Durable goods orders probably increased 5.1% overall from June to July, but orders for business equipment may have fallen. The Conference Board’s consumer confidence index probably pulled back slightly in August after rising to its highest level of the recovery last month. 

Next up, on Thursday, the US commerce department’s second estimate of GDP will probably show that the world’s largest economy expanded by a healthy 4% in the second quarter. Growth was most likely led by gains in consumer spending and business investment. 

Finally, on Friday, the government’s latest personal income and outlay (spending) report may show that income growth eased to 0.3% in July from 0.4% in June and May. Consumption growth probably slowed to 0.2% from 0.4% over the same period.  

Europe 
Europe’s economic week will begin on Monday with Germany’s closely followed Ifo Institute business survey results. Virtually everyone is expecting bad news, with some economists forecasting that the index could fall to its lowest level since May of last year.  

Later on Monday, Scottish First Minister Alex Salmond and former chancellor of the Exchequer for the United Kingdom Alistair Darling – leaders of the “yes” and “no” campaigns for Scottish independence, respectively – will hold their second televised debate in the run-up to September’s vote on the matter.

Current polls show most favour to Darling’s position. On Tuesday, Russian President Vladimir Putin and his counterparts from Belarus and Kazakhstan – the three members of the nascent Eurasian Economic Union – will begin trade talks with Ukrainian President Petro Poroshenko and representatives of the European Union in Minsk.  

Speaking to ARD television on Sunday, German Chancellor Angela Merkel warned that the first face-to-face meeting between Putin and Porshenko since the latter took office, “certainly won’t result in a breakthrough”. Nevertheless, the talks will be closely watched for any signs of progress on ending the on-going fighting in eastern Ukraine.  

On Friday, attention will shift to the eurozone’s latest inflation data. Economists expect inflation to have fallen further – likely to 0.3% growth from a year earlier in August from 0.4% reported in July – putting additional pressure on the European Central Bank to do something to stimulate Europe’s moribund economy.  

Asia
Agricultural Bank of China – China’s third largest lender – will report half year results on Tuesday. Earnings from the country’s largest lender – Industrial and Commercial Bank of China – will follow on Thursday. Both releases will be scrutinised for any rise in non-performing loans.  

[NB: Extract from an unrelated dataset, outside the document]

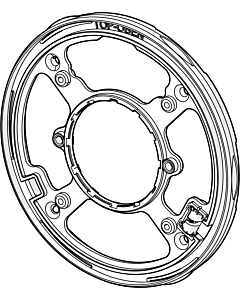 Hansa rosette support complete 59914296 59914296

On Friday, attention will shift to Japan’s monthly data dump. Officials in Tokyo will release consumer inflation, household spending, retail sales, industrial production and housing starts data for July. Economists surveyed by Market News International expect July’s national core consumer price index (CPI) to have climbed 3.3% from year earlier, its 14th consecutive year on year rise. 

Excluding the effect of April’s consumption tax hike, the rate of growth is estimated at 1.3%. Household spending likely fell 3% from a year earlier in July, marking a fourth consecutive month of declining spending. Retail sales will likely show a 0.1% year-on-year drop. The pace of decline in both measures, however, shows signs of easing as the effects of the April tax hike dissipate. Industrial production probably rose 1% from June to July. If confirmed, this would mark the first increase in output in two months. 

July housing starts probably fell 10.2%, year-on-year, to a seasonally adjusted annualised rate of 878 000 units from 883 000 in June.